Secondo gli investigatori, che portano a supporto le intercettazioni, la vendita di animali macellati clandestinamente sarebbe stata favorita, dal responsabile del posto fisso di Polizia di Tortorici, il sostituto commissario Vincenzo Saporito il quale avrebbe intrattenuto rapporti diretti con il Alberto paterniti e gli avrebbe dato la necessaria copertura nei controlli di polizia.
Le carni così ottenute, potenzialmente pericolose per la salute dell’ignaro consumatore (carne di dubbia provenienza, senza controlli sanitari e requisiti igienici, in cattivo stato di conservazione), venivano immesse sul mercato, esponendo i cittadini ad elevati rischi per la salute.
In altri casi, gli animali, anziché essere macellati immediatamente, venivano nascosti nei terreni a disposizione del Borgia o di appartenenti al gruppo. Per eludere eventuali controlli delle forze dell’ordine, ne veniva spesso falsata l’identità, con l’applicazione di altri marchi auricolari (intestati a componenti del sodalizio).
Accanto a cosiddetto gruppo Borgia, secondo gli inquirenti, ve n’era un altro che avrebbe fatto capo capo a Nicolino Gioitta il quale nel corso degli anni avrebbe “costruito ed organizzato un’intera filiera illegale della carne, anche se in maniera molto più sofisticata, poiché supportata, come accennato, dalla complicità del Servizio Sanitario Veterinario di Sant’Agata Militello”.

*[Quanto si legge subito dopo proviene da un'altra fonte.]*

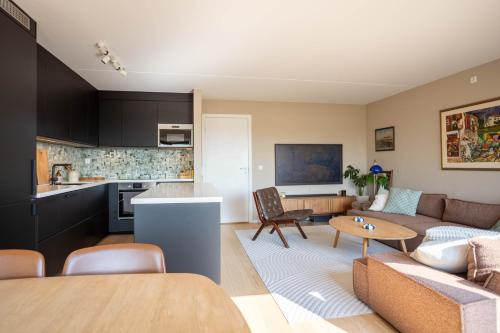 Modern 3 bedroom apartment - 4 minute walk from metro - top floor baclony view, Осло (фото 6)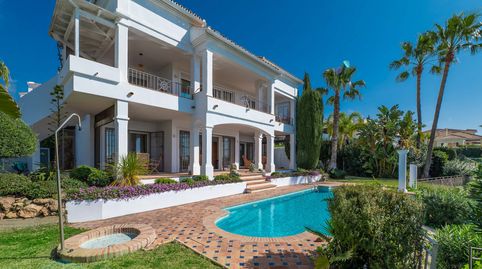 Exclusiva Villa en Río Real con Vistas Panorámicas a Gibraltar y África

In questo caso l’attività iniziava dal furto di suini, ovini, caprini e bovini: gran parte dei furti, che gli investigatori hanno documentato con le intercettazioni telefoniche e riscontri sul campo, si concentrava prevalentemente sui suini neri. Animali che sarebbero stati commercializzati grazie alla complicità della macelleria di Tindaro Giacomo Agostino Ninone, con sede in Mirto, titolare di un allevamento di suini neri, il quale avrebbe fatto transitare dalla sua azienda i suini provento di furto che sarebbero stati regolarizzati tramite la simulazione di nuove nascite o con l’invio al macello ovvero, in alternativa, macellando clandestinamente. Per gli investigatori “è indubbio che vi è un elevatissimo rischio di infezione per il consumatore finale in caso di consumo di carne e derivati (si pensi ai salumi o prosciutti che non subiscono trattamenti termici) di animali infetti da tubercolosi e non sottoposti a controlli sanitari o a visite post mortem “l’utilizzo inoltre del suino Nero dei Nebrodi nella produzione di prodotti alimentari presso le popolazioni autoctone “macellazione familiare’’, è una potenziale fonte d’infezione anche per l’uomo”.
Per evitare controlli inopportuni delle Forze dell’ordine, il gruppo Gioitta si sarebbe avvalso del supporto del comandante dei vigili urbani del Comune di Alcara Li Fusi, Nicolino Oriti il quale avrebbe rivelato a Gioitta preventivamente eventuali attività di controllo effettuate durante i periodi di divieto di pascoli sui terreni comunali.
Gioitta avrebbe gestito “di fatto le vendite del gruppo – si legge nell’ordinanza firmata dal Gip del Tribunale di Patti – e vantava diversi acquirenti di suini neri con i quali prendeva accordi e appuntamenti per la consegna”.